The first operator we are going to look at is the assignment operator. We have already been using the assignment operator in the previous chapters as it is the operator that allows us to assign a value to a variable. This operator uses the = symbol:
int number1 = 1;
As you can see we have assigned the value of 1 to an integer variable named number1. We can also assign variable values to other variables:
int number2 = number1;
Here the program will read the value stored in number1 and assign that value to the variable number2. As we saw in the previous chapter, the assignment operator can also automatically convert from one variable type to another.
char charNumber = 1;
int intNumber = charNumber;
The assignment is one of the most widely used operators in C++; thankfully, it’s also easy to use and fairly obvious in nature.
The assignment operator can also be used in some pieces of code that aren’t necessarily very readable. Take the following line, for instance:
number1 = number2 = number3 = 1;
C++ compilers will evaluate these statements from right to left. 1 is assigned to number3, which would be assigned to number2, which would be assigned to number1, and all three variables will end up storing 1. I wouldn’t recommend writing code like this.
Arithmetic Operators
C++ also allows us to carry out basic arithmetic operations and we have five of these available:
- Addition operator
- Subtraction operator
- Multiplication operator
- Division operator
- Modulo operator
The Addition Operator
The addition operator behaves exactly as you would expect: It allows us to add two numbers together. The addition operator can add a value from the right to a value on the left and the result can be used in a statement, like this:
int sum = number1 + number2;
Here we have added number2 to number1 and stored the result in a third variable named sum.

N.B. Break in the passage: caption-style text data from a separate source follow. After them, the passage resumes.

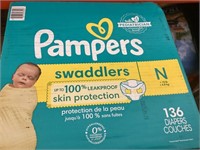Pampers Swaddlers  N 10lbs 136 Diapers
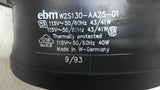 ebm W2S130-AA25-01 115V 60hz / Filterlufter PF 3.000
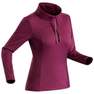 QUECHUA - Women's Long-Sleeved Forclaz 100 Warm T-shirt, Purple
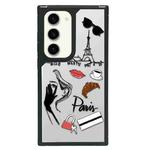 For Samsung Galaxy S22+ 5G Creative Art Pattern Full Coverage Phone Case(Fashion Girl E)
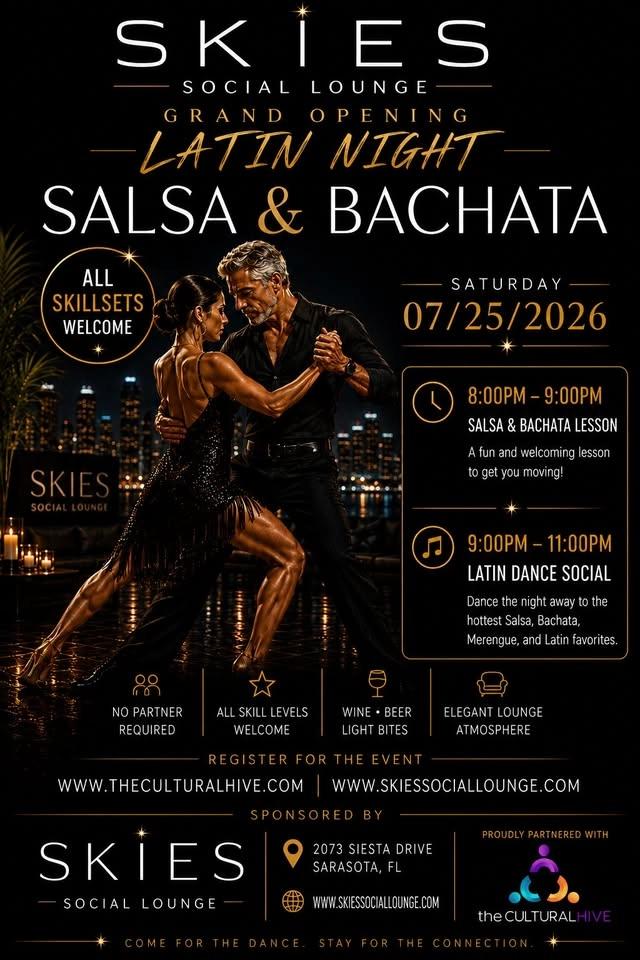 Grand Opening Latin Night - Salsa & Bachata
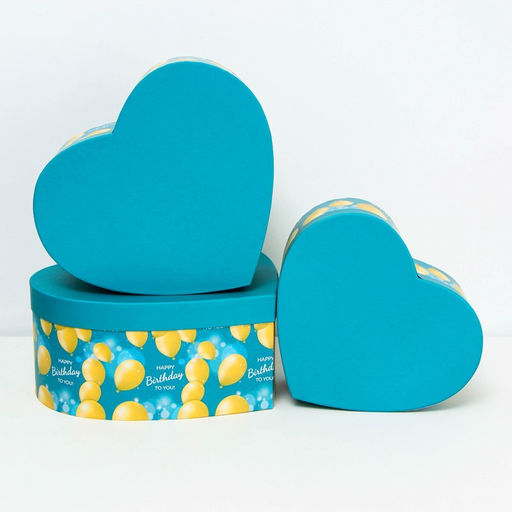 Набор подарочных коробок сердце 3 в 1, L:30.5?27.5?13.5 M:27.5?24?11.5 S:24.5?21?10 см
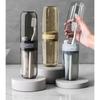 Portable Transparent Toiletries Set Storage Box for Travel, Including Travel Mouthwash Cup and Toothbrush Holder Bento Box
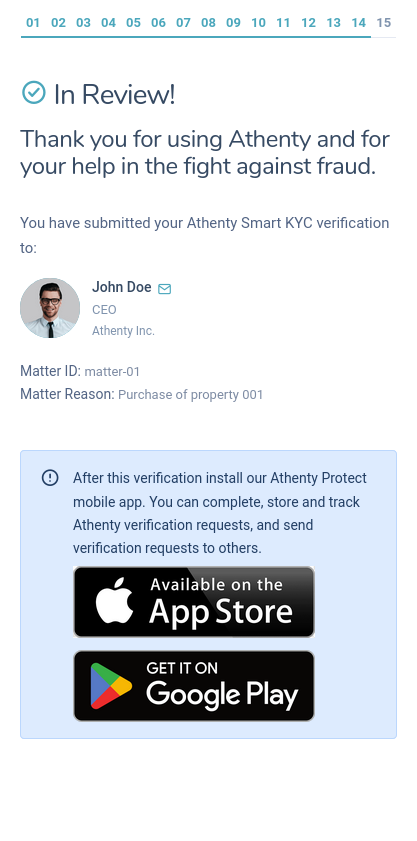 IDV Mobile Confirmation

It is also possible to use the same values in all of the places in our addition statement, for example:
int number = 1;
number = number + number;
Here we end up with 2 being stored in the variable number after this code has executed.
The subtraction operator works exactly like the addition operator, although unsurprisingly it subtracts one number from another and creates a result:
int number1 = 2;
int number2 = 1;
int result = number1 - number2;
This code would cause the value 1 to be stored in the variable result.
The Multiplication and Division Operators
These operators are also fairly self-explanatory; the multiplication operator multiplies numbers together and the division operator divides the number on the left by the number on the right:
int number1 = 4;
int number2 = 2;
int multiplied = number1 * number2;
int divided = number1 / number2;
The result of the multiplication would be 8 and the result of the division would be 2.
The division operator, like the subtraction operator, has a result that depends on the order of the variables.
int divided1 = number1 / number2;
int divided2 = number2 / number1;
After executing these lines of code, divided1 would store 2 as earlier but divided2 would store 0 as 4 cannot divide into 2. You can think of the results of the division as being rounded down to the nearest whole integer. The following example shows a similar result.
int number1 = 5;
int number2 = 2;
int divided1 = number1 / number2;
int divided2 = number2 / number1;
In the preceding code, divided1 will contain 2 after execution. The actual math would be 5/2 = 2.5 or 2 remainder 1, but as integers can only store whole numbers we lose the extra 0.5 or remainder. 2/5 = 0 remainder 5, and again we lose the remainder; therefore divided2 will store 0.
float divided2 = static_cast<float>(number2) / static_cast<float>(number1);
Casting both numerator and denominator to float values (or dividing two float variables) would have yielded a result of 0.5f. This is why it is important to use the correct type of variable for the job at hand.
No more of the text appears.